One of our core values in our community is devoting our time to helping the broken and needy in our society. It is an integral part of our lives as well as our discipleship training programs. We head to some of the poorest neighborhoods of Tel Aviv to share God’s love with the most needy in society on the streets, in an area notorious for prostitution, drugs, and human trafficking. Many believers from the area and members of our congregation are actively involved in offering food and comfort to Israel’s most destitute population.

When we take young people as part of our discipleship training, they are not always enthusiastic and often feel apprehensive as we head to these unfriendly places where people’s behavior and smells can sometimes disgust us.
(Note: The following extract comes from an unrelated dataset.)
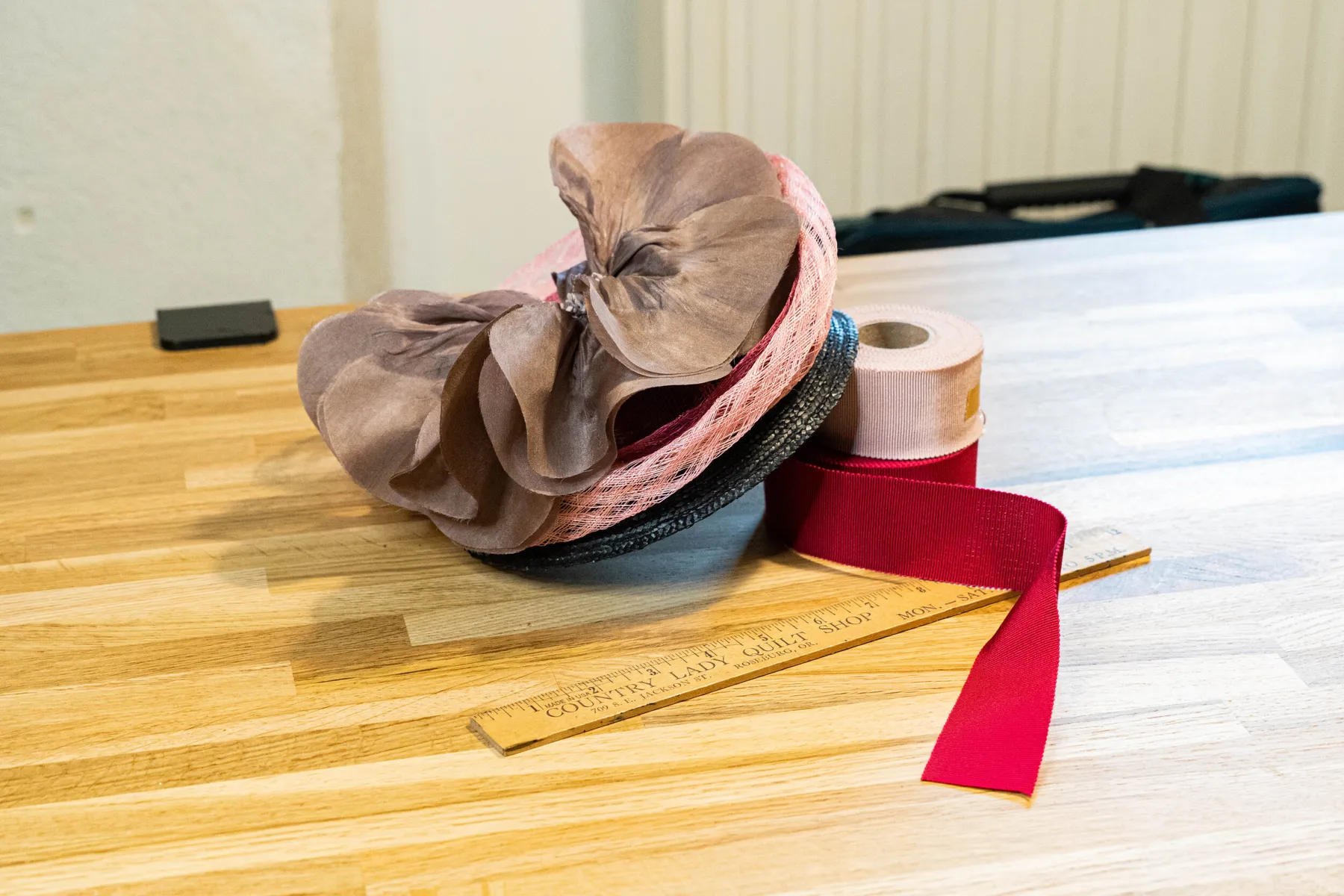 Réalisez votre chapeau bibi ou serre tête sur mesure - Image n°4 - Wecandoo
As followers of Yeshua, we consider it vital to have a heart for those who live on the streets. Every week during our discipleship programs, we join Moti Cohen and are present on the streets. Moti also cooks meals for the needy. Since the war began, Moti was called up on reserve duty so Tal from our community has been cooking every week for those on the streets. In our community, we aspire to faithfully serve all the needs of those who ask.

Last week, I headed out once again to the streets, this time with the youth from our moshav where our teens, ages 14 to 18, distributed hot drinks and warm clothing to those living on the streets. While walking around with my group of young people, I recognized some familiar faces. To my surprise, after five months of not being on the streets, I could still recognize faces. These people have been living on the streets for years. We met Muslims, Christians, and Jews, all ‘united’, so to speak, by the street. One of the most obvious was a Muslim who told me: “Here, between us, there’s no war. We have the same thing in common. We have nothing left.”

With the teens, we shared God’s love and sowed seeds of hope. Hope inspires us, and fills us with joy as we wait for our Savior to work.

“Truly, truly, I say to you, unless a grain of wheat falls into the earth and dies, it remains alone; but if it dies, it bears much fruit.” – John 12:24

Twice we’ve been able to see them rise up out of the ashes. During an outing two years ago, we were able to witness new life of a young man on the street. We urged him to get off drugs and find life. A few months later, he finally decided to go to the Beit Hayeshua rehabilitation center with Roni, and his life changed. He got off drugs, restored relationships with his family, and still lives in the rehab center while actively serving in the congregation.

I firmly believe that God can bring forth new life from the ashes. This belief has brought me the greatest joy in my 30 years as a believer – witnessing resurrections burst forth in those who accept the Lord. He transforms and changes the lives of those who were spiritually dead, having experienced things that lead to death. I long to see more lives being changed and genuinely believe that it is possible for every life that appears truly dead to undergo this miraculous transformation into life.

“I have been crucified with Christ; and if I live, it is no longer I who live, but Christ who lives in me; if I now live in the flesh, I live by faith in the Son of God, who loved me and gave himself up for me.” Galatians 2:20

From the ashes to life. When a fire occurs and sweeps through the forest, it not only burns but also releases essential trace elements that the Earth needs for regeneration. The resulting ashes, rich with the remnants of decomposed organic waste, act like a natural fertilizer, encouraging new life to grow and flourish. 

Israel emerged from the ashes, following the horrific genocide against the Jewish people in Europe during the Second World War, known as the Shoah or the Holocaust. In 1948, those who survived fought and reclaimed their ancient homeland. Life literally rose from the ashes of the bodies burned in the Nazi camps. Hebrew is also a language that experienced a resurrection from the dead. Once a dormant language, it came to life again, spoken by an entire nation, infused with vitality, literature, and poetry.

What God accomplishes through our inner death is more beautiful than anything we can construct on our own. Death brings forth life with God when we submit to Him and let Him guide our paths. Let’s remember this wonderful truth and embrace it anew every day with our brothers and sisters.